• Escalating US-China trade tensions continue to dent the already weaker sentiment.
• RBA rate cut speculations/prevailing risk-off mood does little to lend any support.
The AUD/USD pair extended its sideways consolidative price action through the Asian session on Thursday and remained confined in a narrow trading band below the 0.6900 handle.
The pair struggled to register any meaningful recovery and held well within the striking distance of multi-month lows amid growing concerns over a full-blown US-China trade war.
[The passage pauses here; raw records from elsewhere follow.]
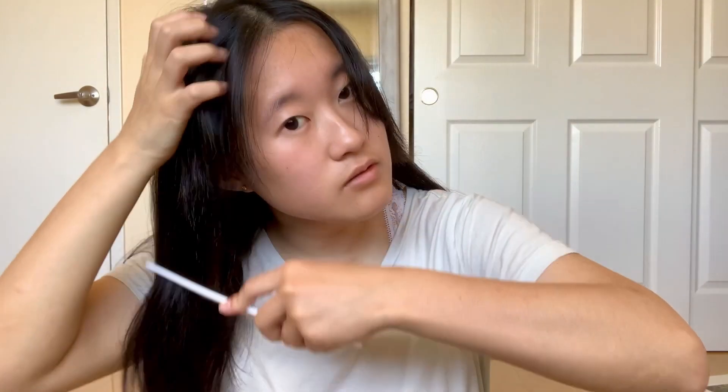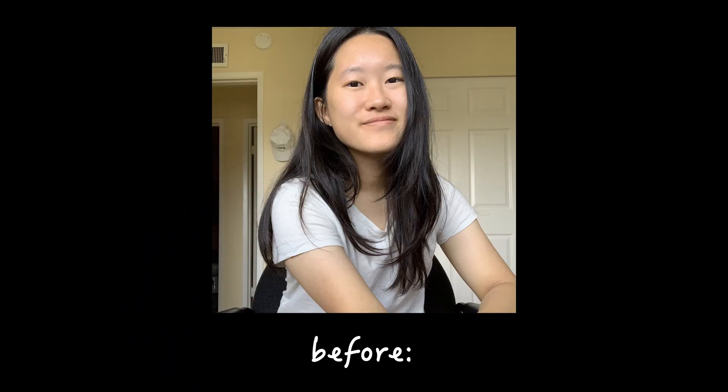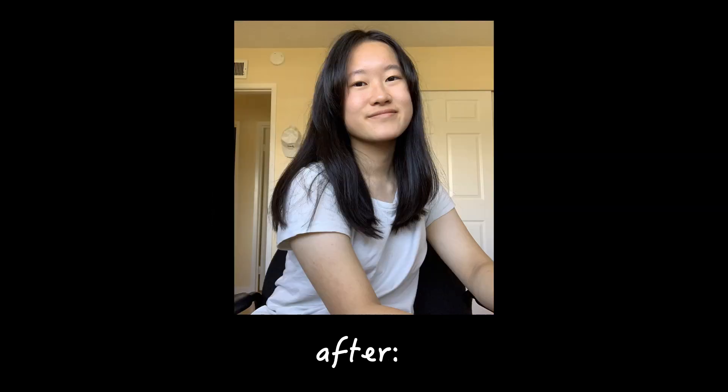I'm gonna let my hair down and brush it out a bit just to see where everything's at. Here is a comparison of my hair before and after my haircut. I am actually very impressed by the results and I think I'll be cutting my own hair from now on. That will be all for today — thank you for watching and I will see you next time with some exciting videos. Don't forget to like, subscribe, and comment what you thought. Bye!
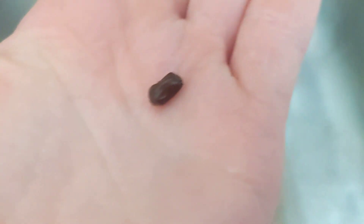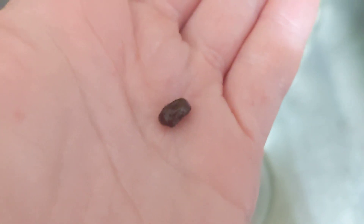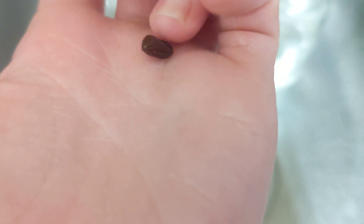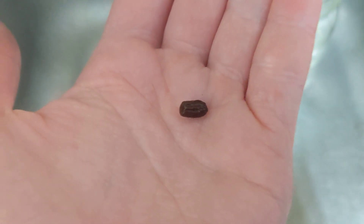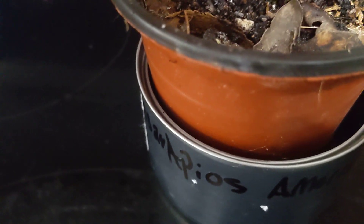It's more than an hour later and the American groundnut slash Apios americana seed has been soaking in water for an hour. It puffed up a little bit, not that much. I'm just gonna plant it in this little plant pot here. And then you'll get another update when it sprouts.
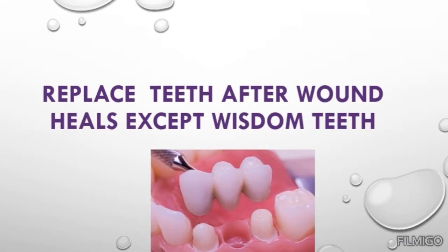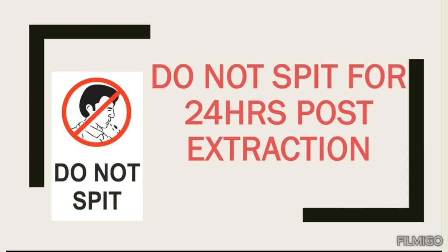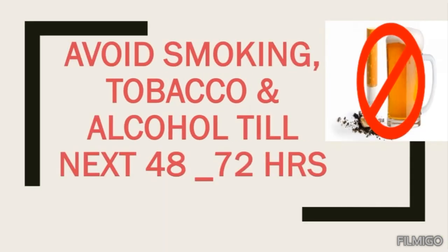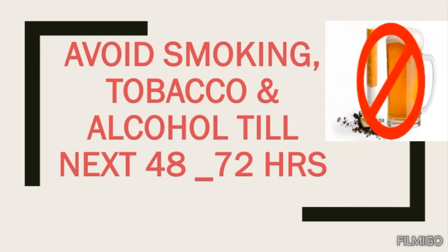Replace teeth after wound heals, except wisdom teeth. Do not spit for 24 hours post-extraction. Do not use straws. Avoid smoking, tobacco, and alcohol for the next 48 to 72 hours. Avoid weightlifting, swimming, and exercises.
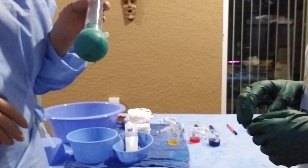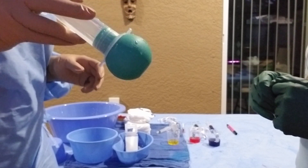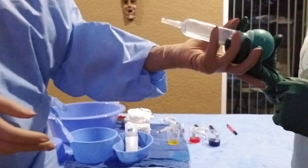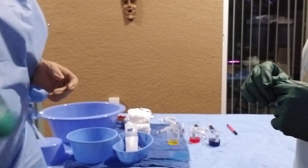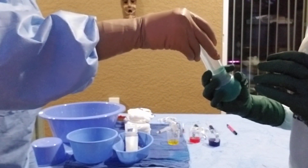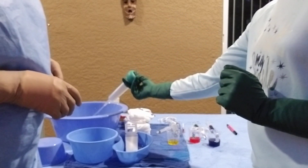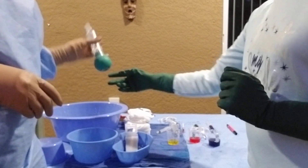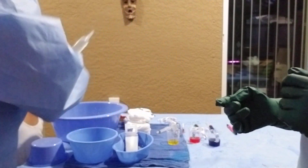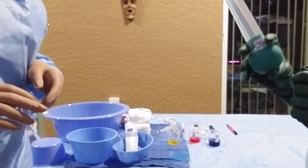When passing the asepto, if you hold it by the bulb it's going to leak. So when you pass it, hold it at the top and put the bulb into their hand so they can easily start squirting. Make sure they have it firmly, then let go and they'll use it. When they hand it back empty, you grab it, squeeze, put it into your saline to fill it up, and hand it back. Then they'll use it again.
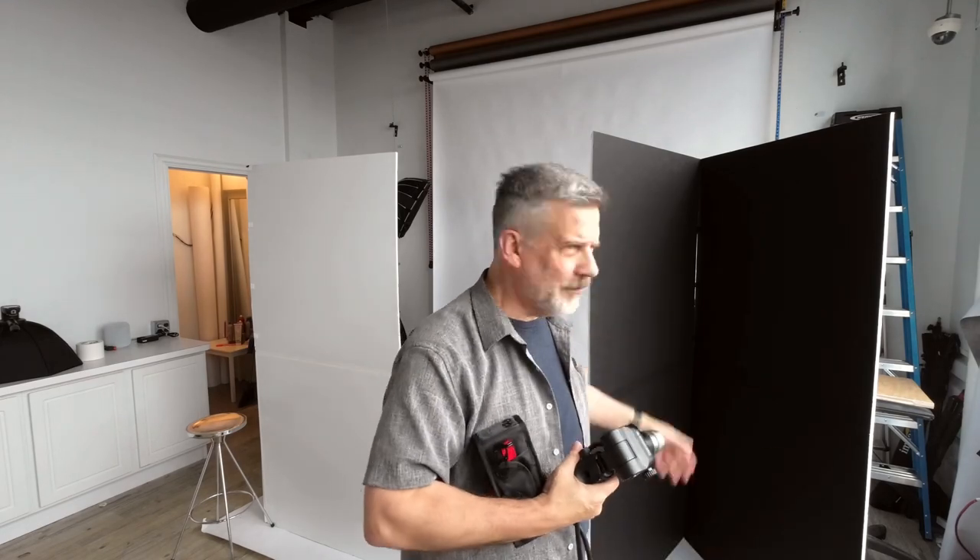I bounced it off some V-flats. I just played, I had fun. I really wanted to give the remote a second try. I did start in TTL, but then I was just like, no — it wasn't even close. And again, this is their first try with Leica, so maybe that's the issue.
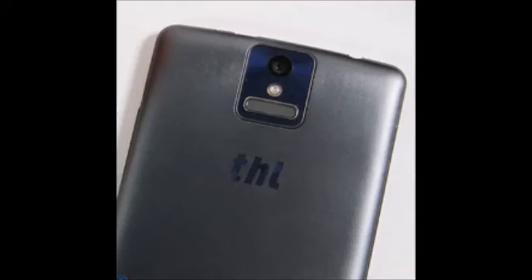The THL 2015 was supposed to get unveiled at the Mobile World Congress in the beginning of March in Barcelona, but obviously something in the plans changed and the phone has leaked out in its entirety, along with the retail box.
Trade tensions between the world's two largest economies escalated further on Wednesday following reports that the Trump administration is proposing to blacklist five Chinese companies.
This was followed by news that the US Treasury Secretary Steven Mnuchin has no plans to go to Beijing to resume the next round of trade negotiations and comments China's foreign minister, saying that we will not accept unfair basis in talks with the US and will fight to the end if the US uses extreme pressure, which continued weighing on the China-proxy Australian Dollar.
Adding to this, growing bets that the RBA will eventually cut interest rates sooner rather than later further dented the already weaker sentiment surrounding the Aussie, with the Fed’s patient approach to rate-change and the prevailing risk-off mood lending some support to the US Dollar and doing little to impress the bulls or lend any support to the perceived riskier currency.
There isn't any major market-moving economic data due for release on Thursday. Hence, the broader market risk sentiment and the USD price dynamics might act as key determinants of the pair's momentum, albeit any meaningful recovery still seems elusive.